Socialist Alternative

Chicago-Area Healthcare Workers Take On A Democratic Boss: What Lessons For The Labor Movement?

Published on

SEIU Local 73’s strike against the Cook County, Illinois administration of County Board President and Democratic Chair Toni Preckwinkle ended with a contract settlement after 18 days, a record for that local. This article was written as the strike was happening, based on many conversations with the strikers on the picket line. What lessons can we draw? Could more have been won?
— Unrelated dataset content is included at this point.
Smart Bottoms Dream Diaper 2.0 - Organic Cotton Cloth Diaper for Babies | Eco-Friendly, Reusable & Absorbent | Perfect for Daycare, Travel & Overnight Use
“We need no more validation from anyone. We need no more acceptance from anyone. Regardless of who stands with us or not, at this point, and at this time, we stand up finally for ourselves. We stand up finally for our worth. We understand what we put into this organization. We understand what we do and we know that without us you ain’t got a damn thing. I’m sorry that some of our members that continue to cross the line do not understand their worth, that they do not understand the whole fight. This will not be the first battle in history that was fought and I can assure you that it will not be the last. There is no battle in history that was fought without self-sacrifice.”

This is how SEIU Local 73 member Eugenia Harris addressed her fellow strikers outside County Hall on the 13th day of their hard-fought strike against the Democratic administration of Cook County Board President Toni Preckwinkle.

As the rate of new COVID-19 infections and deaths slowed nationwide, life may have been getting back to some kind of normal for some, but essential workers like Eugenia were given no time to recover from the global pandemic. In healthcare, patients have been going back to their regularly scheduled appointments, but hospital bosses are pushing to maintain the breakneck pace that was set during COVID-19.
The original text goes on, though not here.